Like most fans, I guess, I press the ‘Skip forward’ button of the CD player, every time I hear the intro of ‘Just Another Polka’ or ‘Piece A-Puddin’’ (why, Mitch Miller… why?). But if, after a hideous tune like ‘Hambone’, Paul Weston raises his baton and leads his orchestra through the majestic opening bars of ‘We Mustn’t Say Goodbye’, we know we’ll never be forlorn again – because these sounds will stay with us, until the very end of our days.
I know it sounds pathetic, but am I wrong when I declare Ms Stafford’s music to be ‘a soothing ointment for the soul’?
When you recall how your cat purred on your lap while you had your Sunday morning coffee.
When you recall how the girl you loved stood there, making love to the guy you thought you’d beaten.
When you recall that December afternoon you had to say goodbye to your mother - the mist on the frosted fields foretelling her forthcoming death.
When you recall how the sun touched the meadows of your youth, when life lay before you and you still hadn’t wasted all those chances.
Then, you can pick a disc and listen to the warm sounds of ‘They Say It’s Wonderful’ and… feel better. That’s why I often act like the man in Carmiggelt’s ‘About women’ – who, later in the story, recalls how listening to the wireless comforted him while sheltering from the enemy, in Wartime Holland:
‘And if there was a woman singing, a real woman I mean, then I sat there (…) and listened, ever so quietly. I drew, as it were, new vital strength from that voice.’

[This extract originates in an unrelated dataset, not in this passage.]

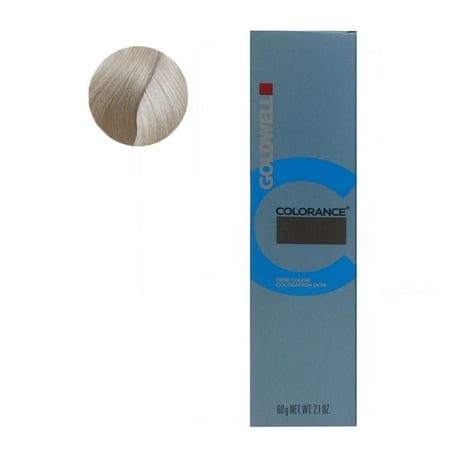 - Goldwell Colorance Demi Color Acid Semi-Permanent Hair Color Coloration (2.1 oz. tube) (Color : 10BS - Beige Silver)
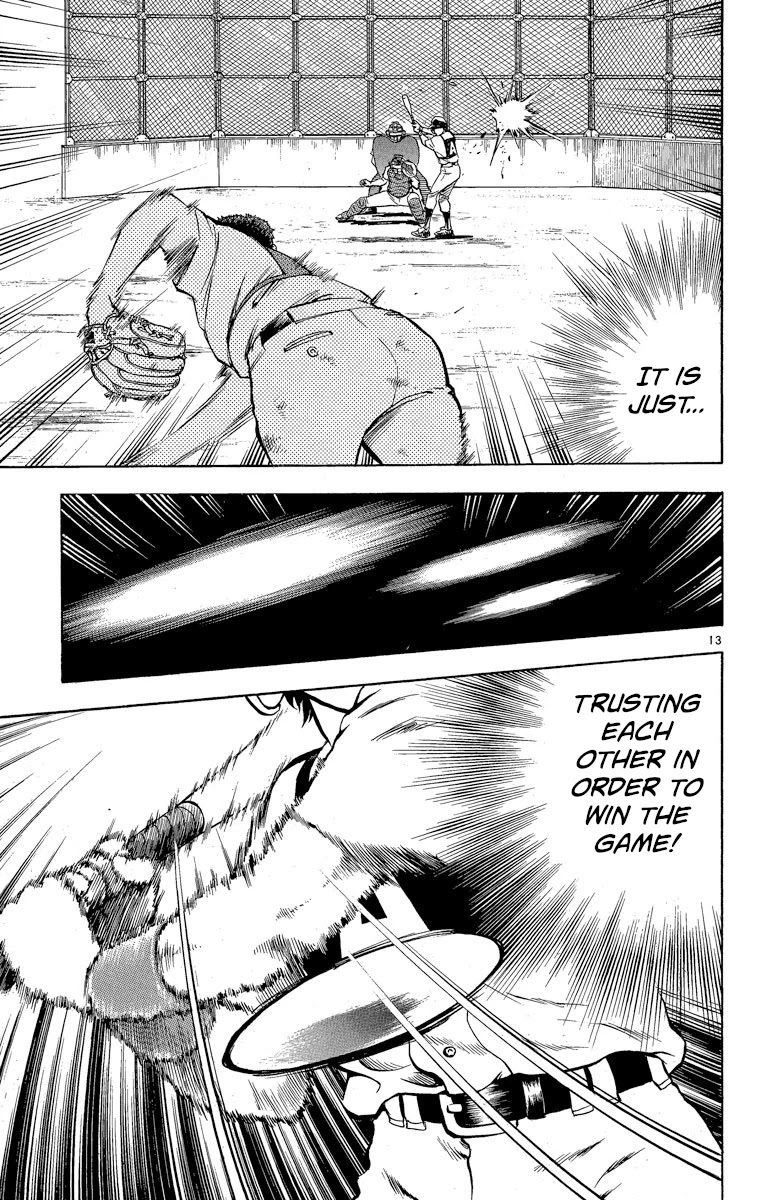 Major Chapter 199 page 13 - Chapter 199: Yeah!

(I know it cannot have been her, because the Germans had banned British and American music from my occupied country. But for me…) That woman must have been Jo Stafford.
Jörgen Breeman (52), the Netherlands
'EACH RECORDING WAS AN ART SONG'
First, this web site is an absolutely amazing resource. Just amazing. I have tried in vain to secure a comprehensive discography of Capitol’s 78 RPM years in order to order my recordings of Jo Stafford and several other singers in the Capitol catalog.
Born in 1950, I originally heard some of Stafford’s Columbia work when I was a kid. I wasn’t terribly impressed. I was never a big rock ’n’ roller when I was young. More of a Doris Day type who graduated over to theatre and classical music by my very early teens.
However, in the early CD era, Capitol started their Collectors Series of releases. One of the early ones was Jo Stafford. That album just blew me away. I kept on playing it over and over and over. That voice and Weston’s arrangements were so integrated that each recording was an art song. I had to find more, so I started collecting every CD I could find over the years, with the emphasis on the Capitol years. Although I like some of her Columbia sides, Mitch Miller made her sing such G-d awful stuff (as he did with everybody under contract with Columbia) that it’s really hard to listen to her. And I don’t think she was recorded particularly well at Columbia, and she started to belt more in the fifties which took away from that pure voice you hear in the 1940s.
I look forward to your rearranging the data by recording session date.